Once you find the line with "Automotive South 2015" in the entries below, print it and each line after it up to and including the line with "Pièce détachée automobile", exactly, without pictures.

DATA:
....

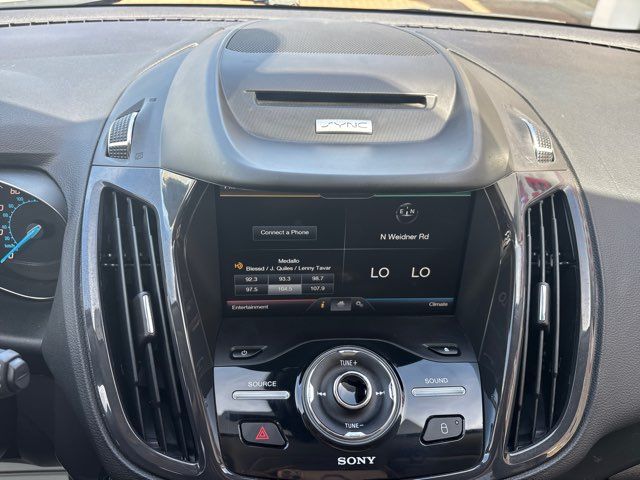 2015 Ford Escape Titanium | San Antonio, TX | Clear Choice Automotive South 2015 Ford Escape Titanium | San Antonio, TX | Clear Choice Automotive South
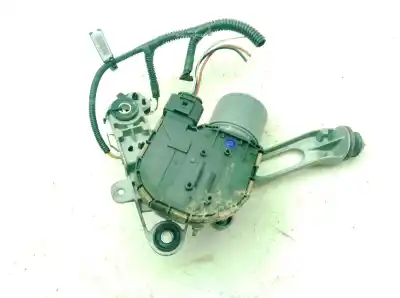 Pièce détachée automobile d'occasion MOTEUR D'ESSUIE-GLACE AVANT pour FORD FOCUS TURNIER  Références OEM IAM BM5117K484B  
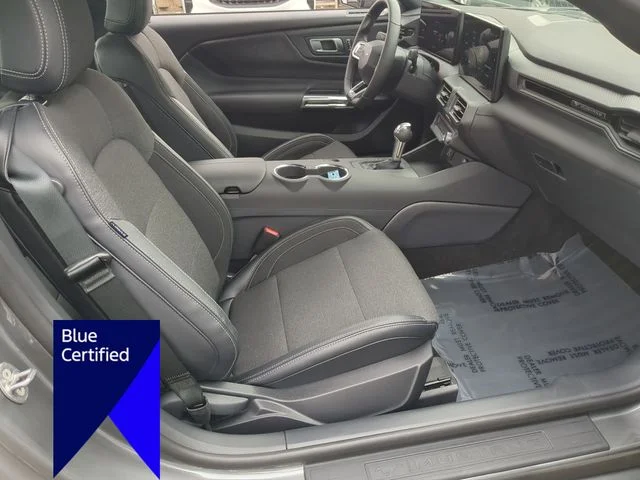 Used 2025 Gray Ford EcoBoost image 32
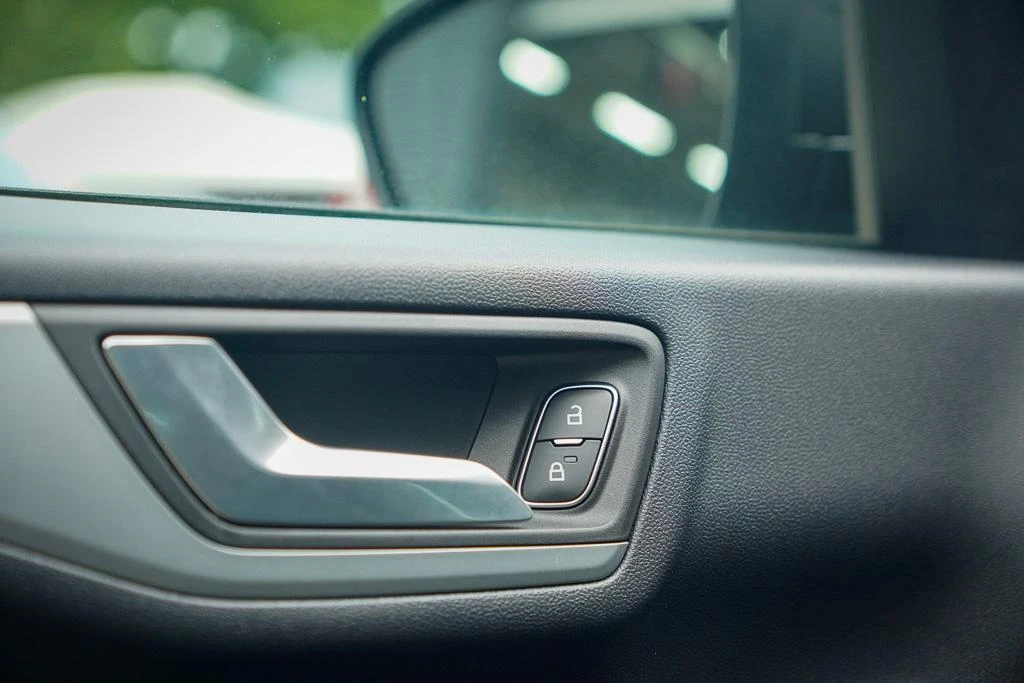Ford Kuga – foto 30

....

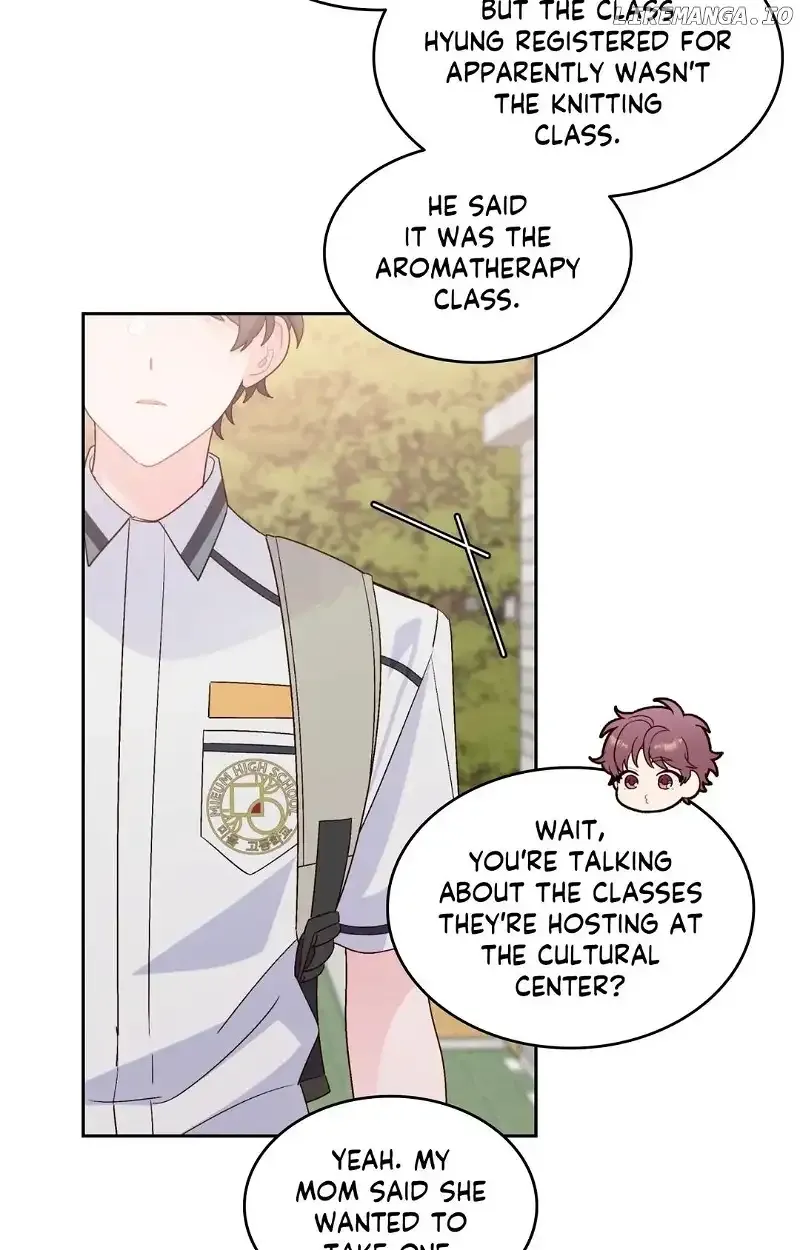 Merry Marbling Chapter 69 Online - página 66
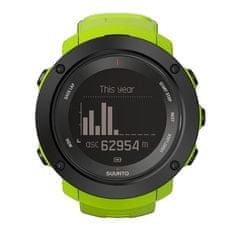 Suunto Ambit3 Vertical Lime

....

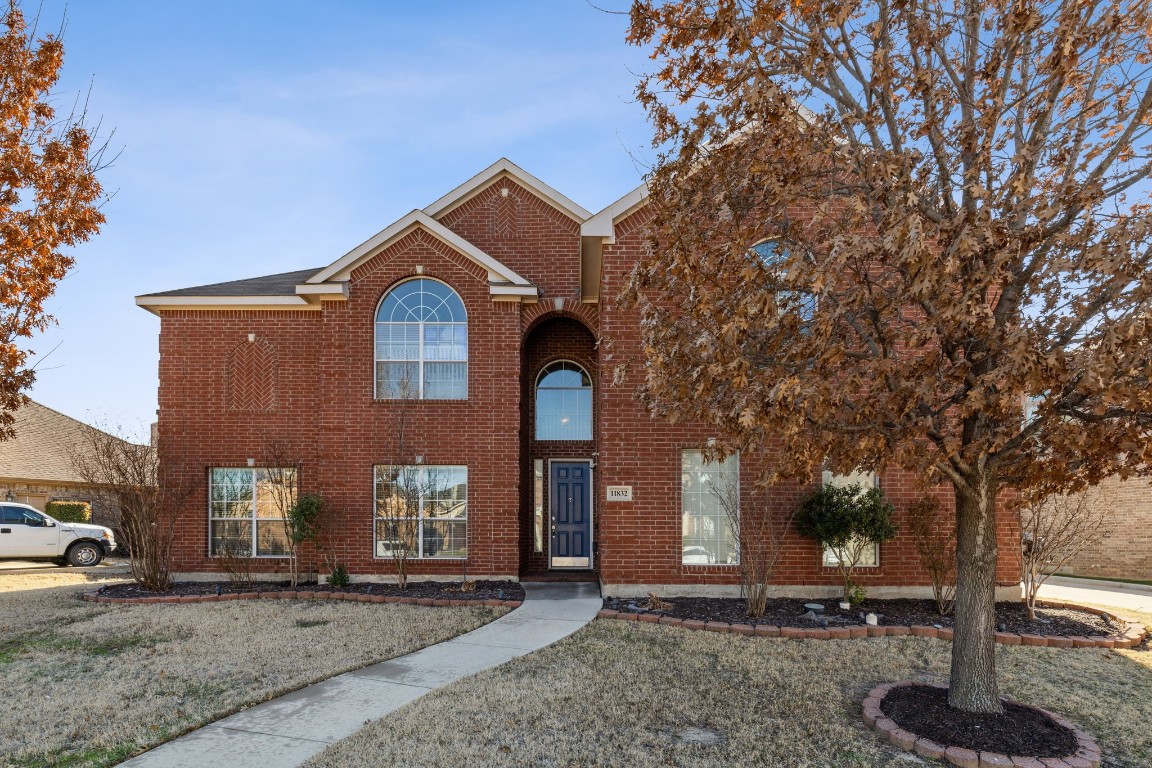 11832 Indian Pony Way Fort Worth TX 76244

....

RESULT:
 2015 Ford Escape Titanium | San Antonio, TX | Clear Choice Automotive South 2015 Ford Escape Titanium | San Antonio, TX | Clear Choice Automotive South
 Pièce détachée automobile d'occasion MOTEUR D'ESSUIE-GLACE AVANT pour FORD FOCUS TURNIER  Références OEM IAM BM5117K484B  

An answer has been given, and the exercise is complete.